Hits:
Indexed by:期刊论文
Date of Publication:2009-04-01
Journal:QSAR & COMBINATORIAL SCIENCE
Included Journals:SCIE、Scopus
Volume:28
Issue:4
Page Number:396-405
ISSN No.:1611-020X
Key Words:Androgen receptor; Classification; QSAR; Random forest
Abstract:The purpose of the present study was to develop in silico models allowing for a reliable prediction of androgenic and nonandrogenic compounds based on a large diverse dataset of 205 compounds. As a new classification method, the Random Forest (RF) was applied, its performance to classify these compounds in terms of their Quantitative Structure-Activity Relationships (QSAR) was evaluated and also compared with the widely used Partial Least Squares (PLS) analysis for the dataset.
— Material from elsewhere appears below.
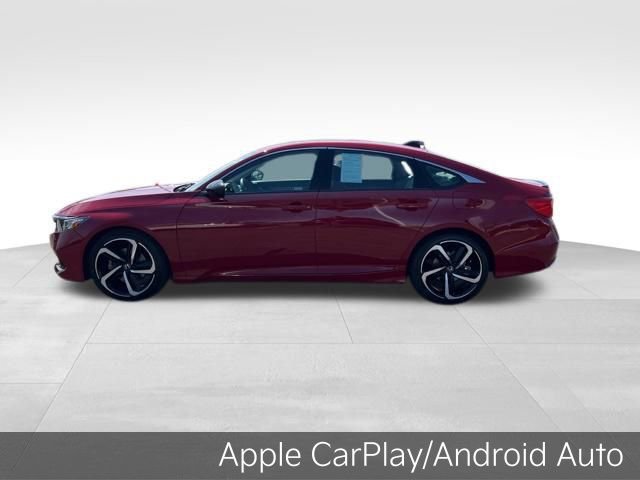 Used 2022 Honda Accord Sport Special Edition image 4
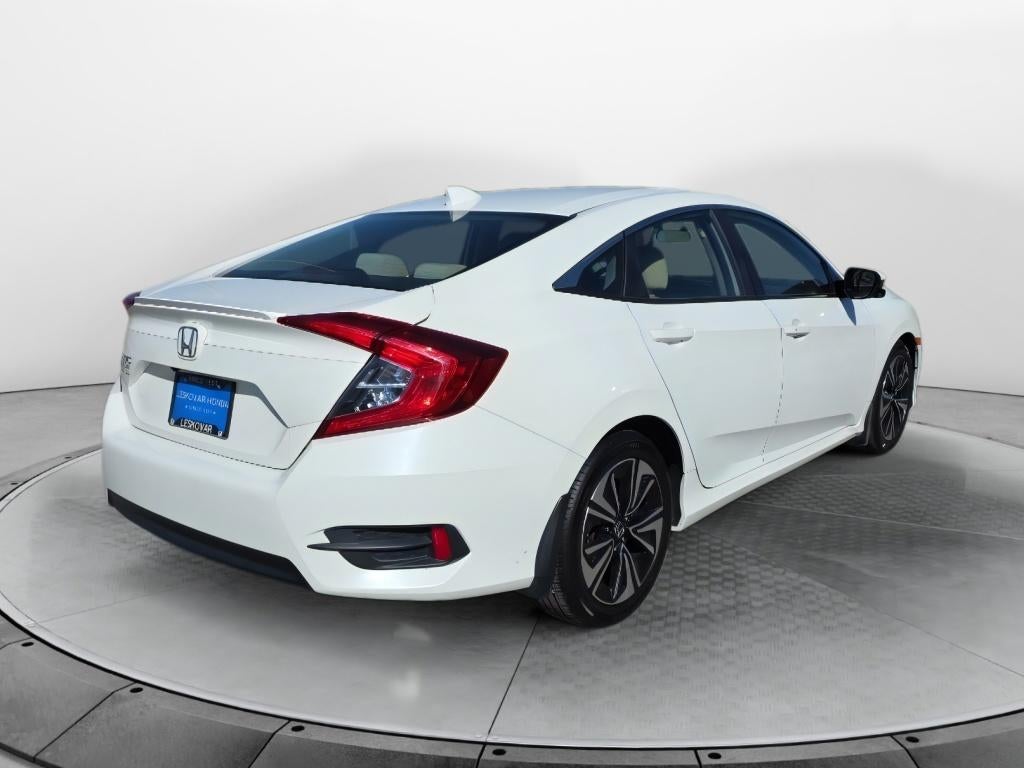 2018 Honda Civic EX-T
The predictive power of these methods was verified with five-fold cross-validation and an independent test set. For the RF model, the prediction accuracies of the androgenic and nonandrogenic compounds are 81.0 and 77.0% for cross-validation, respectively, averaging 87.3% of correctly classified compounds in the external tests. The PLS is slightly weak, showing an average prediction accuracy of 75 and 74.7% for the cross-validation and external validation, respectively. Our analysis demonstrates that RF is a powerful tool capable of building models for the data and should be valuable for virtual screening of androgen receptor-binding ligands.